# wobbly squab



## percy-pigeon (Jun 18, 2017)

Hi, 

i work at a vets and on Tues was bought a roughly 4/5 day old Squab. Ive taken him on and have been hand feeding him and he is doing extremely well until today. I last fed him at 12 lunch time and he has refused his evening feed and isnt calling for food as normal. he also still has a bit of food in his crop. its not full but still some left. I got him out half hour ago and he's not right. Normally he will settle in my hand but tonight he was turning round and round with his wings out. i placed him on a table and i know he hasnt been steady on his feet but now he is going round and round with his wings out and falling to one side. sitting here writing this with him on my stomach and he's asleep but hes every minute or so shaking his head a little.
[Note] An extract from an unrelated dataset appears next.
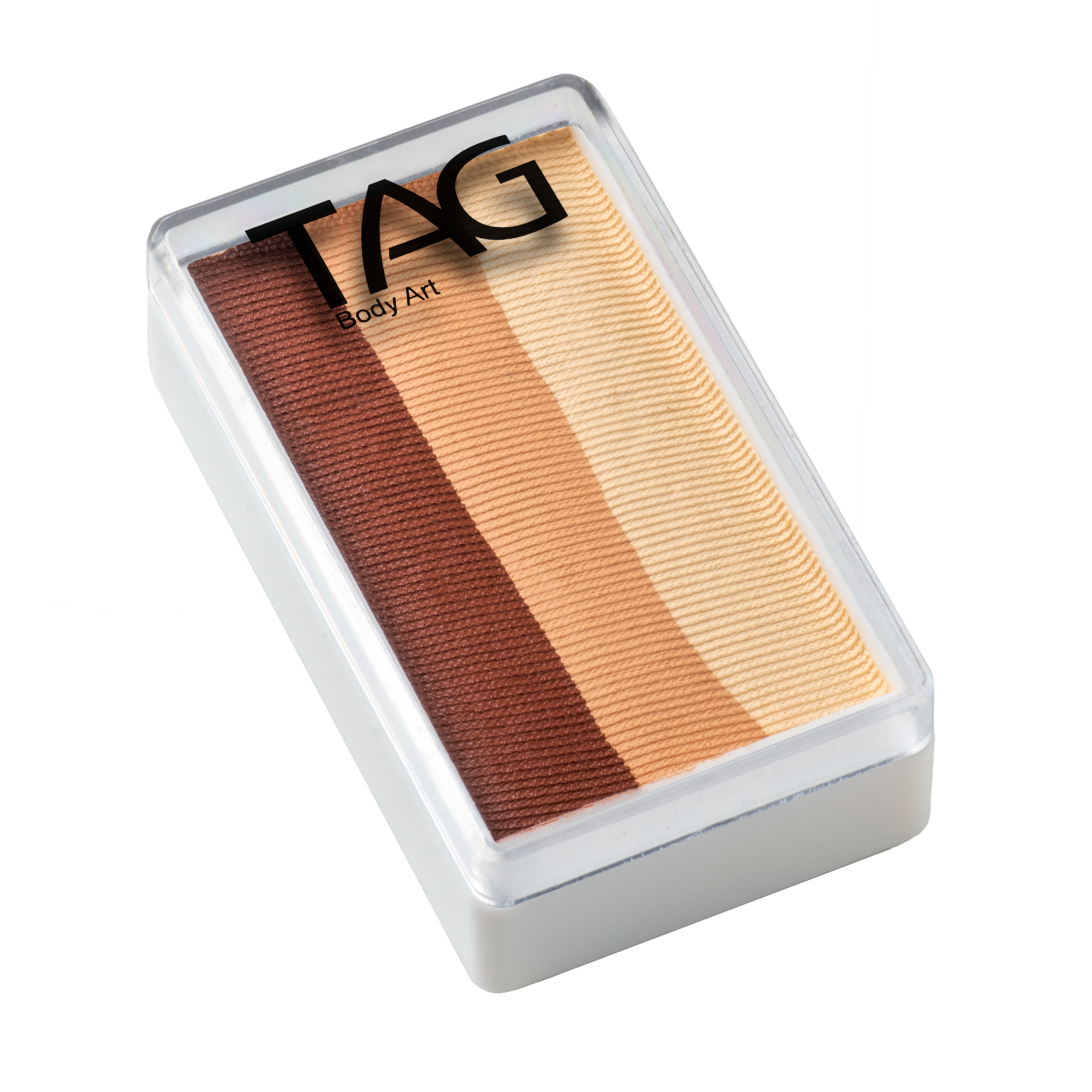 The Infinityfaces TAG Teddy Bear One Stroke face and body paint is a 30g rectangular container with four brown and beige stripes, enclosed in a transparent lid.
I dont know much of what happened to him before arrival other than the lady said she thought maybe a cat got him but he has absolutly no outward punture wounds or obvious damage and until today has been fine. Im in the UK and the temperature is about 30C here could he be too warm? 

He's being fed on Harrison's Recovery formula as that what i had on hand at work and i saw online somewhere that it will be fine to feed him on. this afternoon his faeces does seem to be a bit watery.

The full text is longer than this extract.